On my fourth day in Ukraine, UzhNU’s Rector and neurosurgeon, Volodymyr Smolanka, MD, met with Dr. Kolesnyk and me to discuss the training.
In that meeting, Dr. Smolanka gave his enthusiastic approval for the next week of training with the new doctors. He officially brought the training under UzhNU’s umbrella and approved the curriculum for 14 medical PDAs, so the attendees would receive credentialing to perform these procedures. With his approval, and now formally under recognition as guest faculty within the College of Medicine, I received permission to treat and perform acupuncture, an authority granted only to MDs in Ukraine.
He also invited me to return to Uzhhorod next spring, to teach elective coursework within the school’s medical curriculum, in English.
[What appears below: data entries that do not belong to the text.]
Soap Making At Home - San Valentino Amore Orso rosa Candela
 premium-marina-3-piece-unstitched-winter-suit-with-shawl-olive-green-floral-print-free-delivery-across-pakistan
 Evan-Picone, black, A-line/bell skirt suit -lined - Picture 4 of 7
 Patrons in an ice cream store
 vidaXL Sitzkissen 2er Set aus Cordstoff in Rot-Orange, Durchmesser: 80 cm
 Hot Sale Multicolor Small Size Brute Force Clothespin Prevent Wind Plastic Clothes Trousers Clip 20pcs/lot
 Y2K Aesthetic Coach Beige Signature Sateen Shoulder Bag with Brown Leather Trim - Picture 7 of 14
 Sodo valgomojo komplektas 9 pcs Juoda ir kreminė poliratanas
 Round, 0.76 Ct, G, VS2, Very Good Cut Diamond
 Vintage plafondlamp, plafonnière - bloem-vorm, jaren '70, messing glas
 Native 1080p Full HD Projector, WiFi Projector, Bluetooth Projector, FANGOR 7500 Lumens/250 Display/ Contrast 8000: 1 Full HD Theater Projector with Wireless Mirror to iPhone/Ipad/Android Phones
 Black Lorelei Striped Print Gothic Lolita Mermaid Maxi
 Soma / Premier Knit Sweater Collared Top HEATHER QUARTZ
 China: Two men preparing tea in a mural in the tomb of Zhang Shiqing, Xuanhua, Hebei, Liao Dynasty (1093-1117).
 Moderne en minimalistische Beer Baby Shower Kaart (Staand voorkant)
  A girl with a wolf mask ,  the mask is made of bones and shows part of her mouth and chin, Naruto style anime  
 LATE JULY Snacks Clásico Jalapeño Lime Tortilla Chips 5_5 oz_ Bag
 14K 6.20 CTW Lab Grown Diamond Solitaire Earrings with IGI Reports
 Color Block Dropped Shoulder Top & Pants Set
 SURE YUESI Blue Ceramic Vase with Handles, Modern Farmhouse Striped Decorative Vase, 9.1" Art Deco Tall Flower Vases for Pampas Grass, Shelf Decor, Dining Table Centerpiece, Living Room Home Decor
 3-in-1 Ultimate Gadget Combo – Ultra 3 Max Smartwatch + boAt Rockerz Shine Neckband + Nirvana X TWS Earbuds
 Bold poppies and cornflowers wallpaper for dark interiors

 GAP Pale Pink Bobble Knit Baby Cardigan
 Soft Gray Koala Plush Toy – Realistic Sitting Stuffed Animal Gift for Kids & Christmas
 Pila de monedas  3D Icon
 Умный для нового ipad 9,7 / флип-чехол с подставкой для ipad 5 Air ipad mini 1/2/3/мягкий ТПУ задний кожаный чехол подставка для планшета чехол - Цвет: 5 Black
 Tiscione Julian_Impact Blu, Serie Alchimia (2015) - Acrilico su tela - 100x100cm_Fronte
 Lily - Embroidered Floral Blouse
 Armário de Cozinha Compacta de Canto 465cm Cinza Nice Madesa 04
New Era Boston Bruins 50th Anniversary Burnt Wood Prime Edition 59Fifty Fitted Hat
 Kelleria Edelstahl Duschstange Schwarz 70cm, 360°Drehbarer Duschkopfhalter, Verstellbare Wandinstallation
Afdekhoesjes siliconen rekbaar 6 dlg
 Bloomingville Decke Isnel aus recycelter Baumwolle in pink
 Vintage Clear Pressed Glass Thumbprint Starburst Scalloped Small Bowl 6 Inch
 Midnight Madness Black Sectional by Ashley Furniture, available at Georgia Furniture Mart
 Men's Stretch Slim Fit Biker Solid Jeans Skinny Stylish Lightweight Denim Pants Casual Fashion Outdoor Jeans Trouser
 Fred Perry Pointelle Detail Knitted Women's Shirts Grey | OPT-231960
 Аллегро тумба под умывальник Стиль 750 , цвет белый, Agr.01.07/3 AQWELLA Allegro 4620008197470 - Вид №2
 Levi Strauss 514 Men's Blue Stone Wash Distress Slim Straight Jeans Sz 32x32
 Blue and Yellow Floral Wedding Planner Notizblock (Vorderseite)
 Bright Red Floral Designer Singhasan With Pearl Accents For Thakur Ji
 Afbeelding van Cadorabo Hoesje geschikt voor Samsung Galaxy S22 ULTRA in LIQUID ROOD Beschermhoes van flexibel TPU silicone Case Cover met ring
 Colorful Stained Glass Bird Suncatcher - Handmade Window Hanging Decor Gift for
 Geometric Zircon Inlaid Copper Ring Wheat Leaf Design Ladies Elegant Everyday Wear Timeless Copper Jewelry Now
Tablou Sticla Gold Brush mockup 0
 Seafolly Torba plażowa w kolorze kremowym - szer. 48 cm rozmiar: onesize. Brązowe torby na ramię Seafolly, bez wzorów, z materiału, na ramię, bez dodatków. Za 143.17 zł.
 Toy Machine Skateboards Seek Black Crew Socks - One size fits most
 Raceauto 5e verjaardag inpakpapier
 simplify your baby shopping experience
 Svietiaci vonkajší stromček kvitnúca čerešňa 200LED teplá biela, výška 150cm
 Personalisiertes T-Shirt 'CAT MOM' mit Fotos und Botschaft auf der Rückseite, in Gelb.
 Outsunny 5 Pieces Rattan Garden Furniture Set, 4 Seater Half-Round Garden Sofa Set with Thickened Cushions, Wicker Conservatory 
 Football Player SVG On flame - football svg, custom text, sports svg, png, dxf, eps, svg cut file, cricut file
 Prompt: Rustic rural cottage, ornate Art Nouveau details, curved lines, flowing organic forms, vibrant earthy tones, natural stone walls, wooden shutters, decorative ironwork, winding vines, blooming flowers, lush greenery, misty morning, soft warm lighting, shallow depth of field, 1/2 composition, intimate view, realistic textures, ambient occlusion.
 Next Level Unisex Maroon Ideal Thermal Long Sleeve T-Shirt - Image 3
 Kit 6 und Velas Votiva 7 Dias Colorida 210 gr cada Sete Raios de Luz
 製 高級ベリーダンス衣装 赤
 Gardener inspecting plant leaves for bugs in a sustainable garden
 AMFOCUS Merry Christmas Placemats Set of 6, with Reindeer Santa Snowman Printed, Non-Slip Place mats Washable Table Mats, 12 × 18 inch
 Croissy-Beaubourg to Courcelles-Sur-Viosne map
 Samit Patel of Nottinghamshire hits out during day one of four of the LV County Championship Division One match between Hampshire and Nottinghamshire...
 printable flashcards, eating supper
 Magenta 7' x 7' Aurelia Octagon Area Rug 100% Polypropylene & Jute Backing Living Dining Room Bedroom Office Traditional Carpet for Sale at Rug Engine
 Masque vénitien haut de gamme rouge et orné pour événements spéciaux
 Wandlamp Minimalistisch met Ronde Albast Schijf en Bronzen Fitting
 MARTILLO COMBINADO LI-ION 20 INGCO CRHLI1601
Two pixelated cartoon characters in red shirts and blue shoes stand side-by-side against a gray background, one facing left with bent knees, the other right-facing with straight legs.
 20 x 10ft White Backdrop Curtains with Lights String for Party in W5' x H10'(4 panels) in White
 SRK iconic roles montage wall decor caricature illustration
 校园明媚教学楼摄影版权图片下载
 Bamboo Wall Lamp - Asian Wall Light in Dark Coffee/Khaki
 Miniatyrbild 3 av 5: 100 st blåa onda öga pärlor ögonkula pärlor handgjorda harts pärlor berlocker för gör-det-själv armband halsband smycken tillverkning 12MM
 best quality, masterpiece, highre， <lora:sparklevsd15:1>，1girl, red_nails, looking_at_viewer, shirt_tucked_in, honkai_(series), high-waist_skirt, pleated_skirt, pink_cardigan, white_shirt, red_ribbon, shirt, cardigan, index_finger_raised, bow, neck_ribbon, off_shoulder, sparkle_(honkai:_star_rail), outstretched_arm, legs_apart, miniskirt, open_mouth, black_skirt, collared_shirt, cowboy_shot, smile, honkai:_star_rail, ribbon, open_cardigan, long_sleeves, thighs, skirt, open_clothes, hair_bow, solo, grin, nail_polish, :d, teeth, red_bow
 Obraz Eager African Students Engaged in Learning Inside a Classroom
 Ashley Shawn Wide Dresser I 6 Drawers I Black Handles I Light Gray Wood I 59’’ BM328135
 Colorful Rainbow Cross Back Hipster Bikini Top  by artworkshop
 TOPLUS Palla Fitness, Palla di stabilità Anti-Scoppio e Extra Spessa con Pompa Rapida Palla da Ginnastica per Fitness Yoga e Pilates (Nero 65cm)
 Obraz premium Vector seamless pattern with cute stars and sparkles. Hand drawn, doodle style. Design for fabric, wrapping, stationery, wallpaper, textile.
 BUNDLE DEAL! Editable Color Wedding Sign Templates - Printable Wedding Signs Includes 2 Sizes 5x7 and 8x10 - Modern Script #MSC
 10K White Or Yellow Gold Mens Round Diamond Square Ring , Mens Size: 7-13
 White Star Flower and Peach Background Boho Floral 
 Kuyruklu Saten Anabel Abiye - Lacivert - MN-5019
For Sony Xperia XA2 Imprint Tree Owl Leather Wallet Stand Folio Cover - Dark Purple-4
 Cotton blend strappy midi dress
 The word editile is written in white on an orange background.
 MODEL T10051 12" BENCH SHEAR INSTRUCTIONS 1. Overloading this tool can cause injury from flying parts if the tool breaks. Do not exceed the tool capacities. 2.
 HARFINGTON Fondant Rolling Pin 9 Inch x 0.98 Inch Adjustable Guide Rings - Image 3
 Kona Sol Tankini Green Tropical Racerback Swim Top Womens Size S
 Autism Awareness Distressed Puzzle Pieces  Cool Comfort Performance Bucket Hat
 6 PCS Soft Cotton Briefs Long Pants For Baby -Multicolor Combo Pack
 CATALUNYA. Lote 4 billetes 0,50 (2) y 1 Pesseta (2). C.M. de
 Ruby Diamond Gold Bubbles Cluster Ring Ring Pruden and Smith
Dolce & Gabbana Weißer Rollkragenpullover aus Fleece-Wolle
In the second week, the official curriculum began, and my four co-trainers and I trained 12 new MDs in auricular acupuncture.
A psychiatrist from the front line joined our group, after burying her husband the day before. Another doctor in the training from Kharkiv – a refugee herself – took our group to the refugee center where she was working, and we helped set up a community-style auricular acupuncture clinic for women and children.
We also trained a soldier and an army medic we met at an outdoor café, in the use of auricular acupuncture. It was a spontaneous event; they were heading back to the frontline and invited me and two of the students / to sit with them. We demonstrated the needling procedure and discussed its benefits while the medic filmed the process.
We then filmed the medic with his phone, as we talked him through performing the same protocol on another person. We handed them all our supplies, and they left to return by train to the front line with enough needles to treat 400 soldiers. I heard from them a few days after returning to the front line but unfortunately, after recent bombardments, we have not received any additional news from them.
For two weeks I was immersed and often uplifted by the courage, determination, grit, and compassion of the people I encountered.
I am happy to say we now have over 30 MDs and a few soldiers and medics trained in using auricular acupuncture for trauma, anxiety, PTSD, and pain. We continue bi-weekly meetings and welcome other practitioners to join.